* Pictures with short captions

-- Opening Marker --

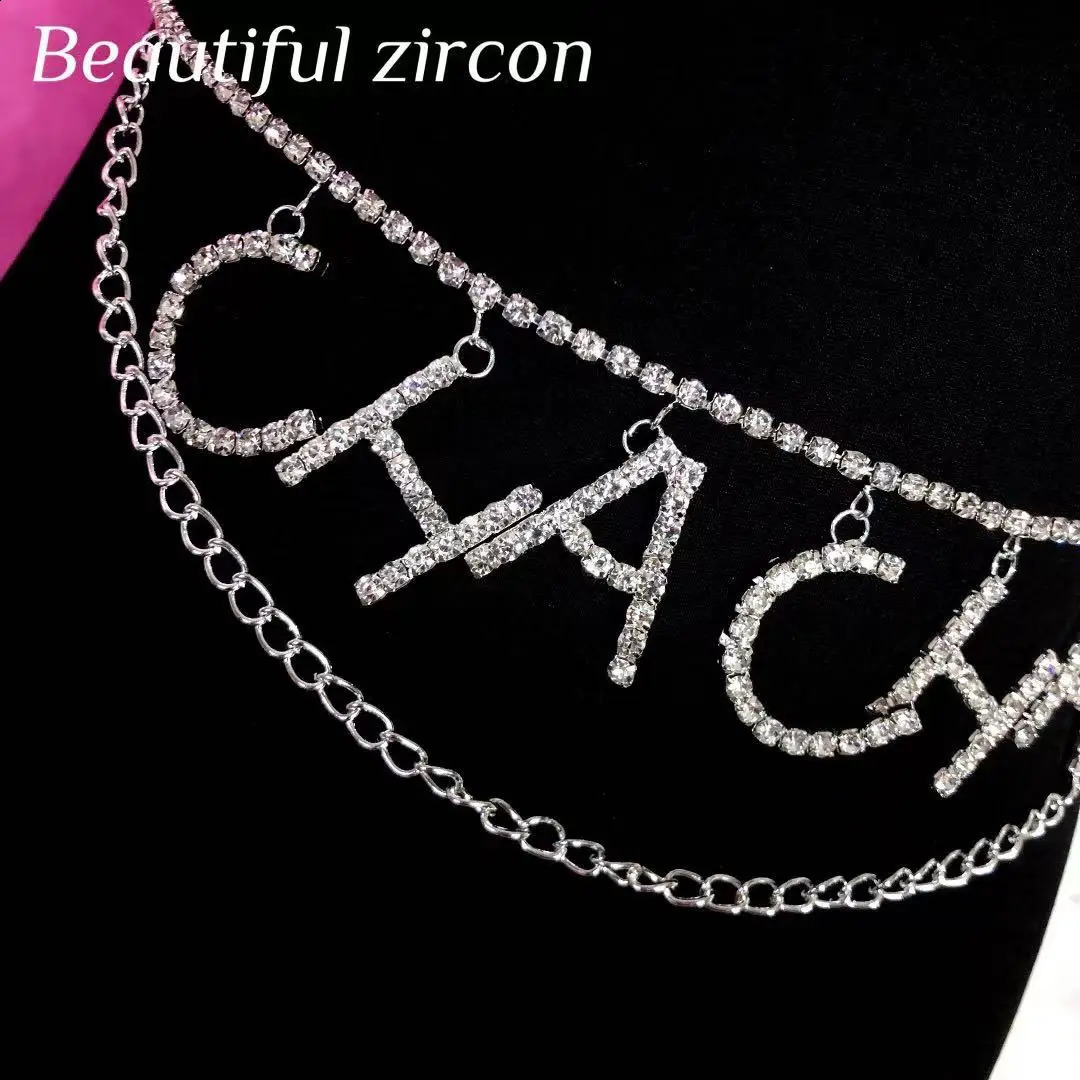 n letter belt fashion shiny Rhinestone Crystal waist chain statement womens tassel crystal waist chain accessories 241220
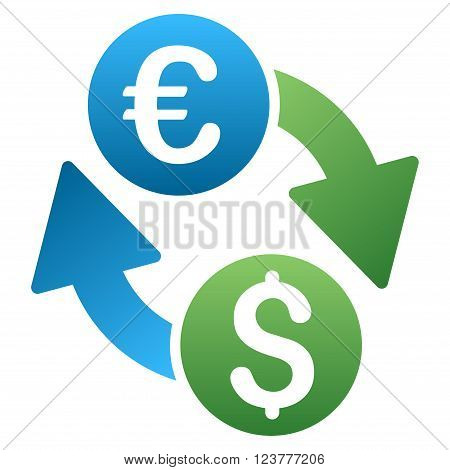 Dollar Euro Exchange vector toolbar icon for software design. Style is a gradient icon symbol on a white background.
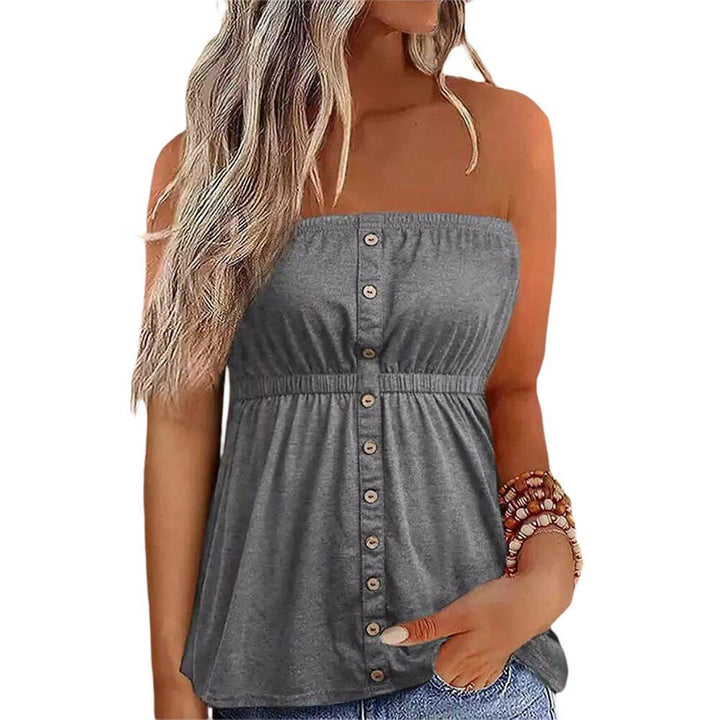 Women Tube Top Summer Button Strapless Bandeau Tank Crop Tops-blouse-Bennys Beauty World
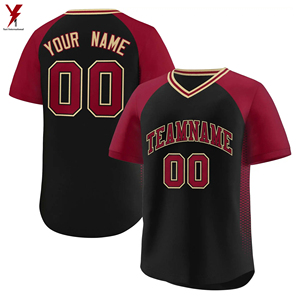 Maillot de baseball personnalisé de haute qualité avec col en V et manches courtes conception de chemise à boutons d'impression personnalisée quantité minimale de commande bas - Product Image 6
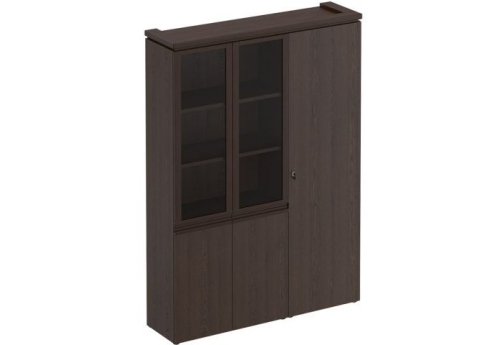 Шкаф комбинированный (со стеклом + для одежды) Фиеста, цвет дуб черный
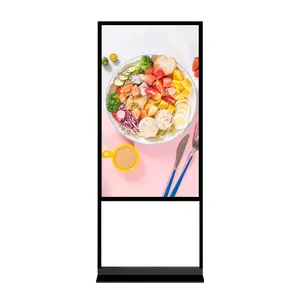 Indoor Advertising Lcd Screen Floor Stand Kiosk 4K Full Screen Advertising Display Indoor Touch Screen Portable LCD Poster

-- Closing Marker --

* ASSIGNMENT
In the entries above, find the line that contains "Dollar Euro Exchange", then repeat exactly every line from the first one through that line, with no pictures.

* FINAL ANSWER
 n letter belt fashion shiny Rhinestone Crystal waist chain statement womens tassel crystal waist chain accessories 241220
 Dollar Euro Exchange vector toolbar icon for software design. Style is a gradient icon symbol on a white background.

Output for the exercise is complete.